2.3. V2G Carbon Accounting Model

In the power industry, carbon dioxide emissions primarily originate from the carbon source side, while the demand and driving forces behind carbon emissions are on the load side. As the carbon emissions in power systems are intertwined with power flow, it is necessary to combine carbon emission flow with power flow, thereby facilitating the traceability of carbon emissions in the power system. The carbon accounting model can calculate carbon emissions at various stages of energy production, transportation, and consumption. Presently, the computational methods for carbon emission flow theory have gradually matured [39], allowing for the calculation of carbon emission flow at each node for different periods based on power flow. The following is a brief description of the concepts and calculations involved in carbon emission flow theory.

The carbon emission flow rate (CEFR) indicates the carbon emissions corresponding to the power flow through a network node or branch per unit time. It is denoted as R and is measured in t/h, as shown in Equation (13):

$$R=\frac{\mathrm{d}F}{\mathrm{d}t}$$

(13)

where, F represents the inflow of carbon emissions.
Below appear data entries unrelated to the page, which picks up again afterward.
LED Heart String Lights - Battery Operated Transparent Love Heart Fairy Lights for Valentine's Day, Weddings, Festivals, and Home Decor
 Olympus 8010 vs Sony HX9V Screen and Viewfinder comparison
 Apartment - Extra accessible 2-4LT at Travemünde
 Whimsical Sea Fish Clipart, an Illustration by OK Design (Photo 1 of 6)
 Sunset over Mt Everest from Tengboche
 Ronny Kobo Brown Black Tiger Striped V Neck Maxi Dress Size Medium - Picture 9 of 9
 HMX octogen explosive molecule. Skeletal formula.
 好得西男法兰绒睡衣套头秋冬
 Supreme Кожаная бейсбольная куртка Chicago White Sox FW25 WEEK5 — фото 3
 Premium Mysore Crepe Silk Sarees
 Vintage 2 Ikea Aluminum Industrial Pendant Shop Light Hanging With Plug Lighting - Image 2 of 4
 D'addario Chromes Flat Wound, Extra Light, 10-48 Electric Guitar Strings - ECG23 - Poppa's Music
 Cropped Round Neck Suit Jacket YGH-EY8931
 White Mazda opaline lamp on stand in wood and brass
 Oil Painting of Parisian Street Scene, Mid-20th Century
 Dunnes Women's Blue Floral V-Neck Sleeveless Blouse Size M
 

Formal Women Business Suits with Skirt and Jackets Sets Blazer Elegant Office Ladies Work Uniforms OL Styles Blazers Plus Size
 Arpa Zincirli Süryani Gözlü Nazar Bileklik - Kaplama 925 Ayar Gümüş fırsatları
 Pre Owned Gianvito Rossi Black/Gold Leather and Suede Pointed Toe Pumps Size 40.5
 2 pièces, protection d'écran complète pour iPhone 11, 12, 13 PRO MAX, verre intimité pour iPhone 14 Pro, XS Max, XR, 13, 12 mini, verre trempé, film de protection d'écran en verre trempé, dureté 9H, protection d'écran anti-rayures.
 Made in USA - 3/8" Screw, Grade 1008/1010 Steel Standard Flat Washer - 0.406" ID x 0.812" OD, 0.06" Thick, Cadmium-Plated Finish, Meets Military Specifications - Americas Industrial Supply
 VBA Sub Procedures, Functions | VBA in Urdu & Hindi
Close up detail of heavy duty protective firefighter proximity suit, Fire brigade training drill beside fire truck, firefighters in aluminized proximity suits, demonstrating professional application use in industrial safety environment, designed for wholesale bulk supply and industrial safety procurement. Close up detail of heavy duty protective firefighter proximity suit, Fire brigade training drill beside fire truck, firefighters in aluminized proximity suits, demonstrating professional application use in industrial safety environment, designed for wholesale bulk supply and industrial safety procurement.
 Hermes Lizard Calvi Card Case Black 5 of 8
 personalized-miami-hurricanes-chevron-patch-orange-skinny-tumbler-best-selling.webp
CI refers to the amount of carbon emissions per unit of electricity. It is denoted as ρ and is measured in t/(MW·h), as shown in Equation (14):

$$\rho =\frac{R}{P}$$

(14)

wherein, P represents the active power flow corresponding to the branch. The BCI should be equal to the carbon potential of the first node into which the branch flows.

Node carbon intensity (NCI) represents the carbon emissions equivalent to the generation side caused by the consumption of a unit of electricity at a node. The NCI for node n is expressed as Equation (15):

$${\mathrm{e}}_n^t=\frac{{\displaystyle \sum _{i\in N^{+}}{\rho }_i^t{p}_i^t}}{{\displaystyle \sum _{i\in N^{+}}{p}_i^t}}=\frac{{\displaystyle \sum _{i\in N^{+}}{R}_i^t}}{{\displaystyle \sum _{i\in N^{+}}{p}_i^t}}$$

(15)

where, N⁺ represents the set of all branches with active power flow entering node n; i denotes the branch number.

Due to the fluctuations in the power grid’s CEF with changes in the load conditions of the electric power system, V2G can produce additional emission reductions compared to conventional EV charging by utilizing EVs in conjunction with low carbon scheduling.

To measure accurately and reasonably the carbon emissions of EVs in V2G scheduling, we analyzed both the charging ($0<P_{ch}\le P_{ch,\max }$) and discharging ($0<P_{dis}\le P_{dis,\max }$) states of EVs separately.

Carbon emission flow during the EV charging process was represented as Equations (16)–(18):

$$Q_{ch,t}=Q_0+P_{ch,t}\Delta t$$

(16)

$$C_{ch,t}=C_0+P_{ch,t}{e}_{Grid,t}\Delta t$$

(17)

$$e_{s,t}=\frac{C_0+P_{ch,t}{e}_{Grid,t}\Delta t}{Q_0+P_{ch,t}\Delta t}$$

(18)

where, Q₀ and C₀, respectively, represent the remaining SoC and carbon emission of the EV; $Q_{ch,t}$ and $C_{ch,t}$, respectively, represent the SoC and carbon emission of the EV after the charging period t; $P_{ch,t}$ denotes the power of EV during the charging period t; $e_{Grid,t}$ represents the NCI of the grid during time period t; $e_{s,t}$ indicates the NCI of the EV during period t.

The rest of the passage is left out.